Lodges or Recreation Centers
Lodges and recreation centers can be fabulous places to get out of the RV and stretch. Some families enjoy using these common spaces as co-working spaces or places to go do school work. Others use the communal toys and TV, or the book and/or game exchange, to entertain their kids and keep everyone happy.
No matter what you use it for, you may want to make sure there is a recreation center or lodge available in any campground you book.
Some of the best campgrounds out there even go so far as to have activity directors and planned activities for kids and adults. If your family enjoys things like hayrides, field games, movie nights, crafts, and parties, you might appreciate a campground with planned activities.
Find Other Families
Another thing to consider when looking for the best campgrounds for your family? Whether or not other full time RVing families frequent the campground. Sure, you can make friends with people of all ages that you happen to meet, and sometimes that’s the only option. However, it’s sometimes nice to be able to connect with like-minded individuals whose kids are of a similar age to your own.
Not sure where other families are? Try posting in the location-specific Fulltime Families groups. You’ll likely also have luck staying in Thousand Trails parks, as a huge number of full time traveling families use this network of parks.
Of course, you’ll also have to keep cost in mind. Most of us full time traveling families are on a pretty tight budget, and paying $50–$100 a night in camping fees simply isn’t feasible. For this reason, cost is the factor that many people consider first when finding the best campgrounds for them.
Not sure how to find campgrounds that meet your needs but also fit within your budget? The aforementioned Thousand Trails network is a great way to access lower camping fees. You can also choose to stay in state parks to save money and stay in the middle of nature.
Lastly, many families enjoy boondocking with no amenities at all. This is a great way to save money, but you do need to be properly prepared.
Use Your Memberships
Another way to narrow down campground options? Look at the campgrounds that are included with any camping memberships you might have. For instance, if you want to visit a national park and there is a membership park that will allow you to stay for free a mere 30 minutes away, it likely makes the most sense to stay in the membership park.

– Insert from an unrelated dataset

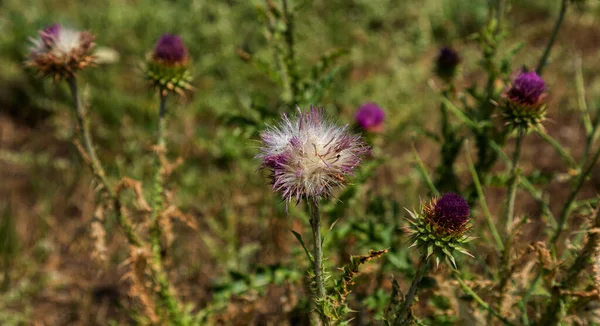 Chardon Marie Sec Chardon Marie Méditerranéen Prêt Cueillir Silybum Marianum — Photo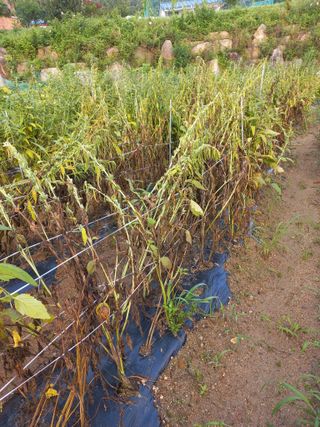 푸른이님의 8월 내 작물 자랑하기 · 참여글 작성글 사진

Once you have an idea of where you’d like to be, take a look at the campground maps for each membership you have (as well as any you might be willing to join) to see if there’s a campsite that might work for you.
Note: If you see a spot that could work but you’d have to pay for a membership to use it, make sure you will use the membership again OR that the cost savings for one stay cancel out the membership purchase.
Look at Locations
A problem many people run into? The best campgrounds that fit within their budget are also far away from all attractions and activities. If you come across this problem, you need to ask yourself a few questions:
- How far are you willing to drive for sightseeing and errands?
- How often will you go sightseeing and running errands?
- How much will fuel cost for trips to and from the nearest city?
- Does the cost of fuel outweigh the campground cost savings?
It’s up to you to decide whether saving the money on camping fees and driving into the city for fun and errands is worthwhile.
There you have it, everything you’ll want to consider when finding the best campgrounds for your travels. As long as you consider these factors as you choose your campsites, you can rest easy knowing you’ll almost certainly be happy with your choices.